Nov 282014

Inara Pey has a post up regarding the new DX Exchange marketplace for Second Life : DX Exchange offers SL Marketplace alternative. The post details a lot of the ins and outs of the new Marketplace but it also points out some of the challenges facing DX Exchange.

The DX Marketplace has an aim :

It is our ambition to create a special place for Pro designers, who make good quality goods, of their own creation to display their collection. A place for them to stand out from the crowd of products and designers inSL.

For the customers, it has to be a tidy, well organized place where they can be sure to find only goods of ‘good standing’.

From a merchant point of view Inara states :

all goods can be sold at 0% commission for the time being (commission will eventually be 4%)

I’m not convinced that undercutting the commission from the SL Marketplace by 1% is really a selling point because commission is only due when an item is sold. I’m sure merchants are happy to pay an extra 1% commission, which in reality costs them nothing, for volume of sales. The reason commission doesn’t really cost merchants anything is because they know if they make a sale that commission is due, so therefore they build that into their pricing. Customers pay the commission in all reality, not merchants. Obviously commission will dictate pricing in many ways, but 5% for free listing is pretty low already. There’s not much wiggle room here.

This would be different if listing fees existed, but they don’t.
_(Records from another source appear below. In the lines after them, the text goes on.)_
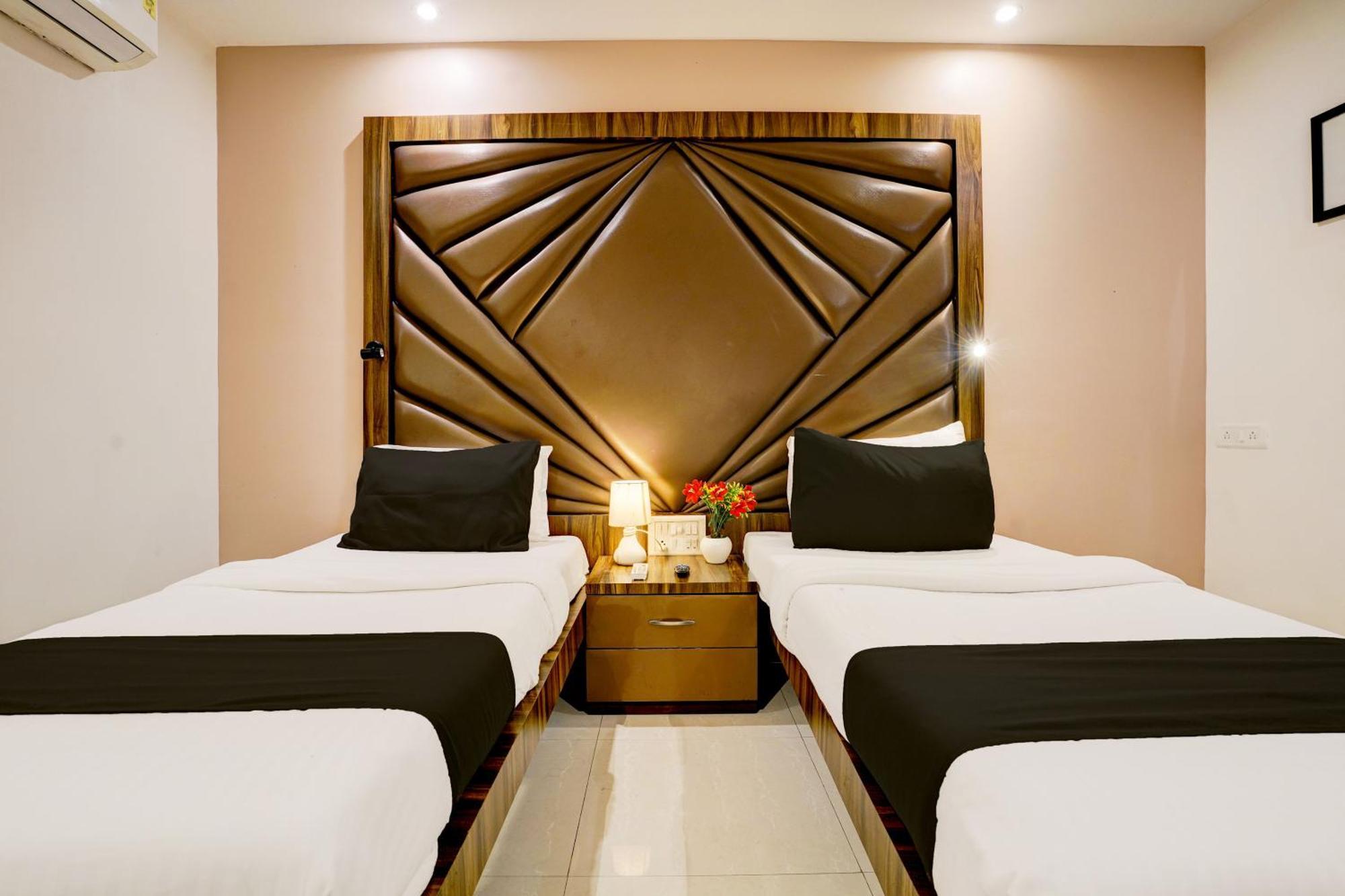Super Hotel O Mumbai Central Formerly Park Palace Екстер'єр фото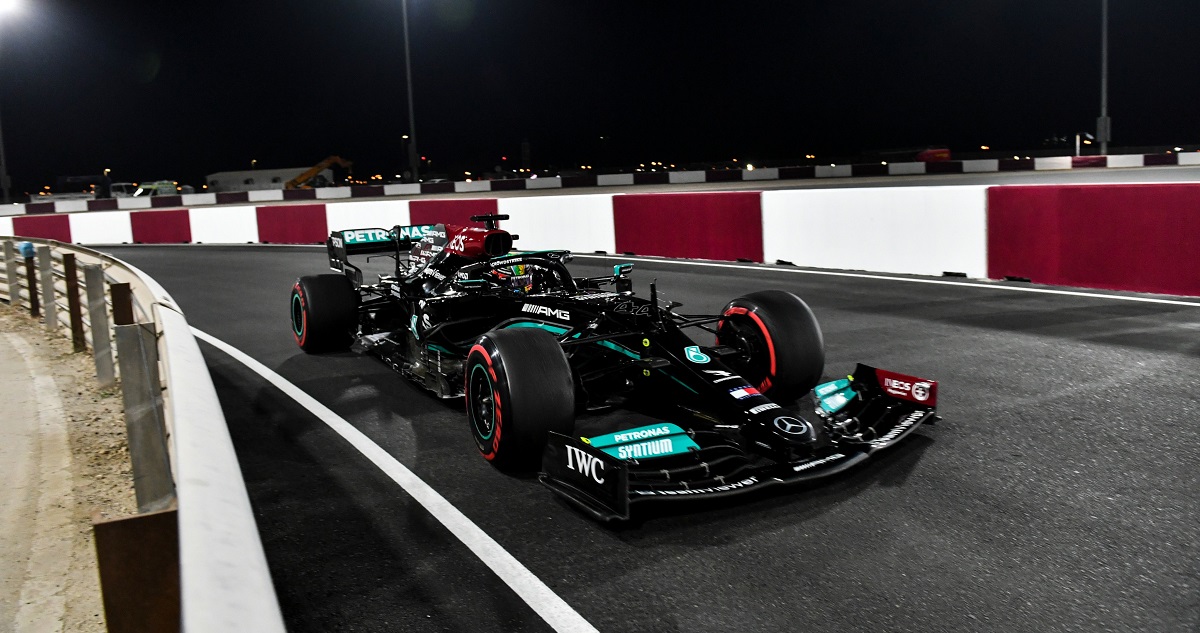 Lewis Hamilton se quedó con la Pole del GP de Catar.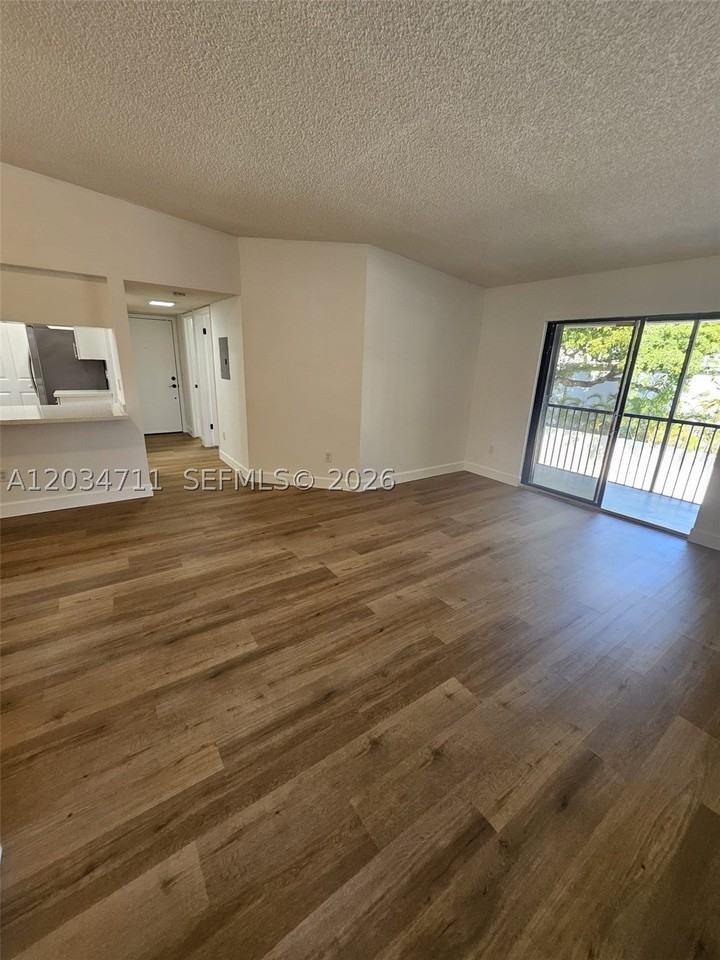 19800 Sw 103rd Ct #201 - Photo 6 of 28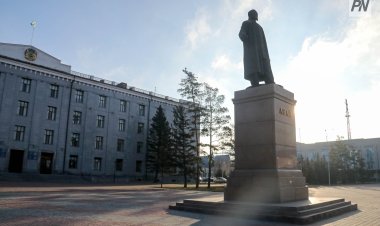 Павлодарские депутаты вместе с прокуратурой объединились против бюрократии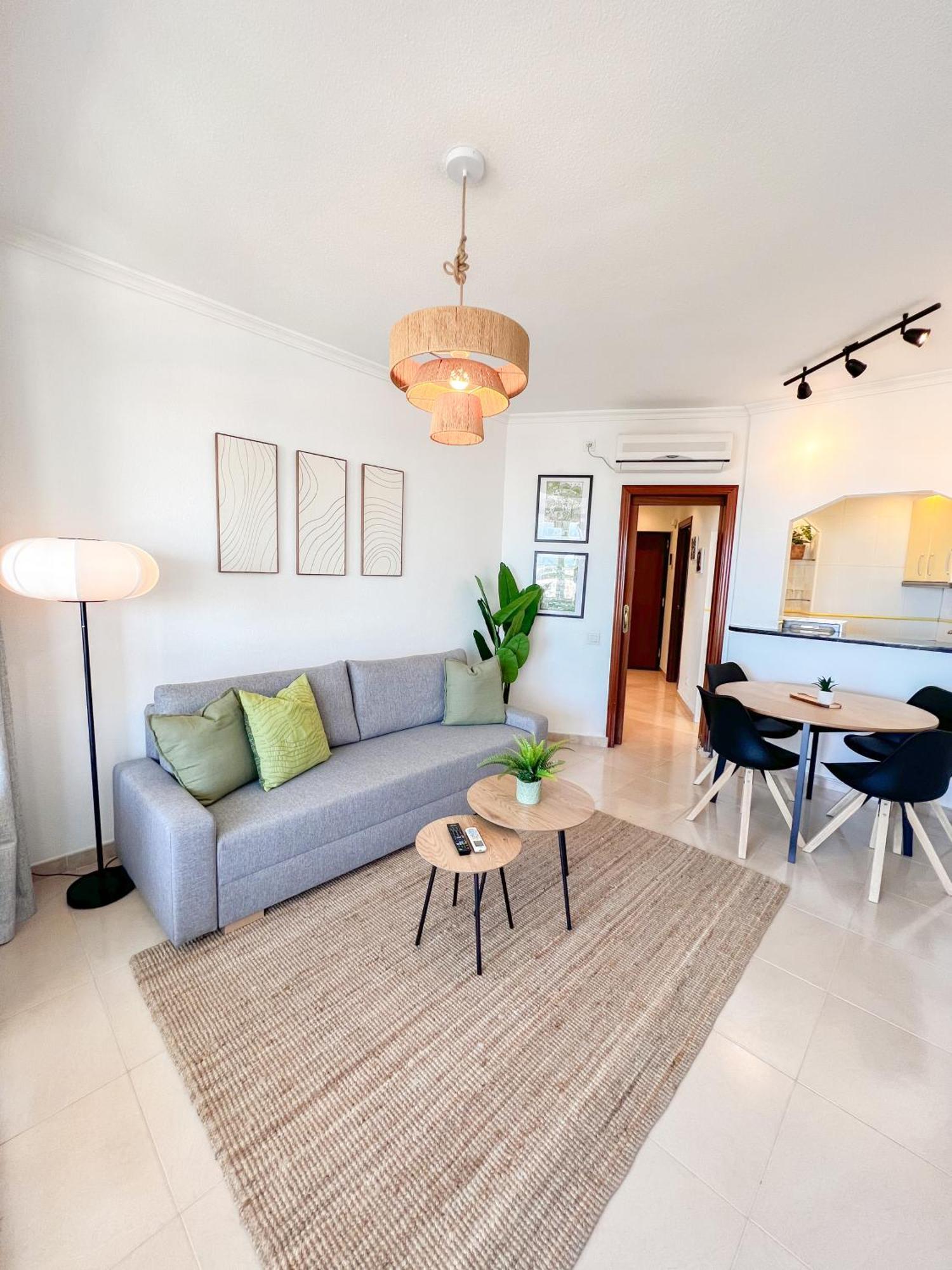 Cozy Flat With Sea Views La Torre Apartment Торемолинос Екстериор снимка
However Inara does point out something about DX Exchange’s Marketplace that is interesting :

There are some important points to note about this site when compared to something like the SL Marketplace. In particular, the engine used to power DX Exchange is Magento, and the stores within it are pretty much self-contained e-commerce sites contained within the DX Marketplace “wrapper”. This is important on two counts:

  • Merchants have access to virtually the full range of Magento e-commerce tools. These include not just product listing and sales reports, but options such as customer tracking, , creating and generating custom reports, running a store newsletter and / or blog, a range of CMS functions, setting custom search terms for product finding, and so on. In fact, far too much for a review such as this to cover.

  • Each store actually stands as its own e-commerce site, with its own dedicated URL (if people want to use it), its own shopping cart and its own checkout.

I believe that DX Exchange’s advantage may well be in those dedicated URL e-commerce sections rather than as a direct competitor to the SL Markeplace as a marketplace on its own.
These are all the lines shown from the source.